Kalo saya mah jangan dicontoh ya. Tunduk bagi saya SUSYEHNYA ajubileh deh… Saya mendingan markirin mobil di tempat sempit sambil diklaksonin orang daripada tunduk! -.-‘ Saya masih buaanyaaak banget gagalnya.
Karena situasi mengharuskan saya mandiri, saya terbiasa untuk bikin keputusan sendiri tanpa konsultasi sama suami (yang memang ga setiap saat bisa jawab telepon semaunya).
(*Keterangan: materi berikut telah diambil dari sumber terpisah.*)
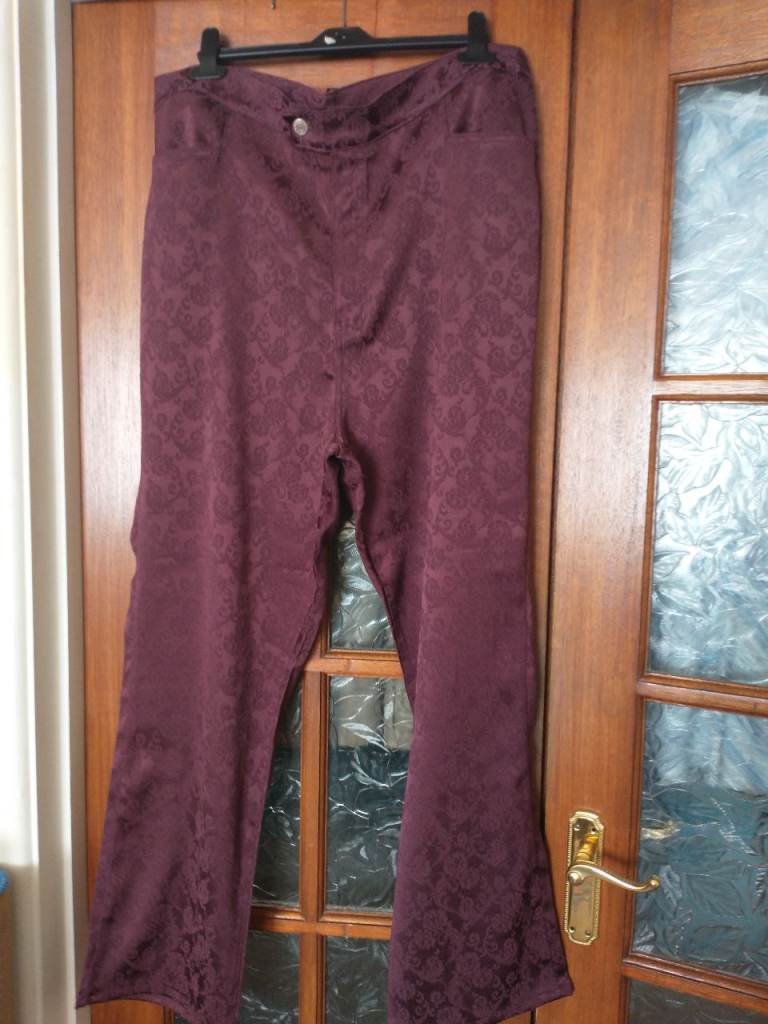 image for TROUSERS (SMART) SIZE 22. Burgundy. Waist 40ins Hip 46ins. Both approx. As new cond.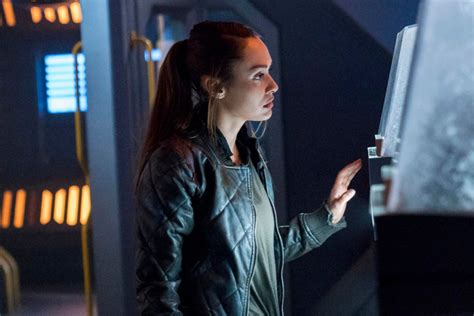 Raven Reyes Becomes The 100s Moral Compass In Season 6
Untuk hal-hal besar atau ngga mendesak sih udah otomatis berunding dulu, tapi untuk hal-hal kecil yang kurang penting atau yang mendesak, saya cenderung ga sabar and buru-buru jalan tanpa minta pertimbangan suami.
Saya sadar ini salah, dan saya berjanji sama diri sendiri untuk bertekun dalam usaha saya tunduk, tidak mengutuk diri sendiri kalau saya gagal atau jatuh, dan menjadikan pengalaman kegagalan yang buanyak itu sebagai bagian dari proses pembelajaran.
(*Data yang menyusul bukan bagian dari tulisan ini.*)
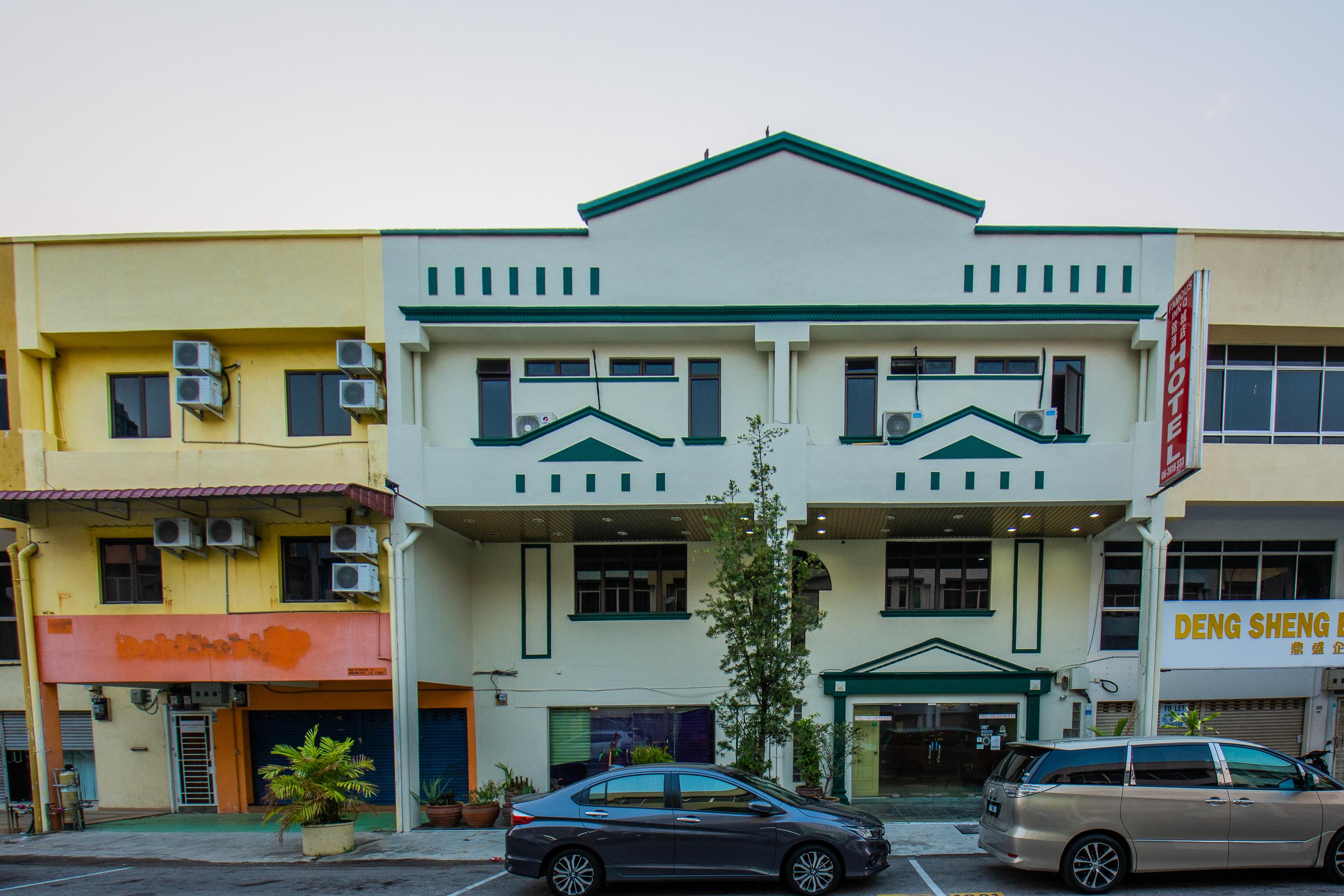 Oyo 764 Hotel Famous Inn Malacca Esterno foto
Hasil brainstorming saya sama suami, dalam situasi-situasi yang mirip dengan kasus es krim di atas, kami sepakat untuk tidak langsung kasih jawaban kepada anak. Saya & suami harus komunikasi dulu, dan pada akhirnya harus suami yang kasih keputusan final kepada anak, boleh atau tidaknya. Suami DILARANG KERAS bilang, “Tanya aja sama mama…” karena itu bisa bikin anak berpikir bahwa mama-lah yang jadi pembuat keputusan akhir.
Tanya: Kalo saya orangnya dominan atau emang berwatak koleris gimana dong?
Jawab: Ya berubah lah! Gak ada cara lain :) Maksud saya bukan berubah watak kudu jadi lemah gemulai ya... Kalo begono mah ampe taon kuya juga gak bakal bisa kali, yang ada setreessss!
Maksud saya berubah adalah minta Tuhan ubahkan sikap hati kita dan kuatkan tekad kita dan memampukan kita untuk tunduk. Karena perintah ini bukan cuma buat orang-orang yang berwatak flegmatis, tapi buat SEMUA istri. Minta Tuhan beri kita a gentle and quiet spirit, alias roh yang lemah lembut dan tenteram. Walopun koleris bukan berarti kita harus gahar en gak bisa lebih kaleman dikit kan?
Tanya: Kalo suaminya bener-bener ga OK (contoh ekstrim: masih berkubang dalam dosa seperti pemabuk, penjudi, pemarah, dll) gimana?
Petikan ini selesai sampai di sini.